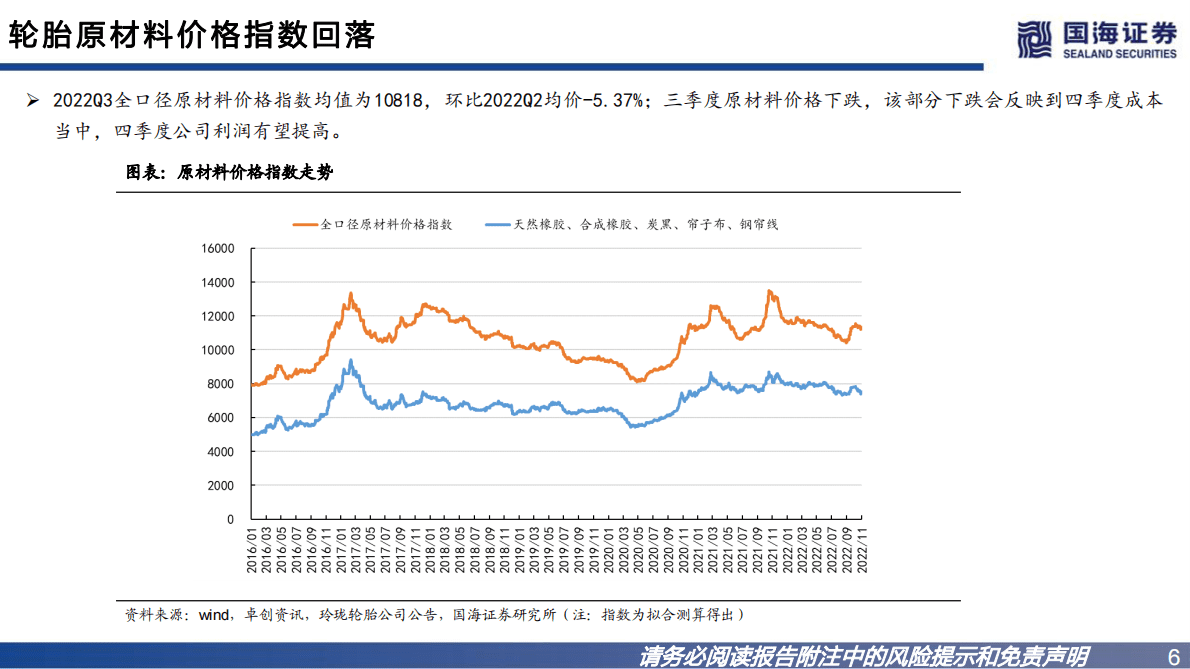轮胎行业系列深度之五：短期波动，不改长期看好 第6页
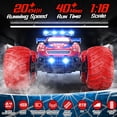 thumbnail image 2 of Coche a control remoto EpoChair 1:18 All Terrain 20 km/h para niños, 2 of 6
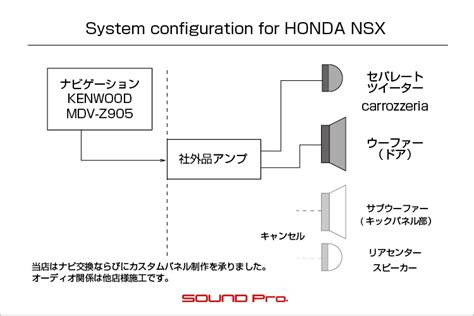 nsx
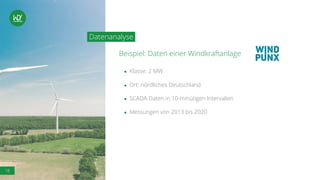 18
Beispiel: Daten einer Windkraftanlage
● Klasse: 2 MW
● Ort: nördliches Deutschland
● SCADA-Daten in 10-minütigen Intervallen
● Messungen von 2013 bis 2020
Datenanalyse
 
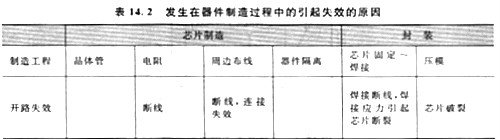 元器件为甚么会呈现生效情势，这里有三种启事要告知大师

EXERCISE: The output should consist of every entry above, printed exactly, with the images removed.

RESPONSE BELOW:
轮胎行业系列深度之五：短期波动，不改长期看好 第6页
 thumbnail image 2 of Coche a control remoto EpoChair 1:18 All Terrain 20 km/h para niños, 2 of 6
 nsx
 18
Beispiel: Daten einer Windkraftanlage
● Klasse: 2 MW
● Ort: nördliches Deutschland
● SCADA-Daten in 10-minütigen Intervallen
● Messungen von 2013 bis 2020
Datenanalyse
 
 元器件为甚么会呈现生效情势，这里有三种启事要告知大师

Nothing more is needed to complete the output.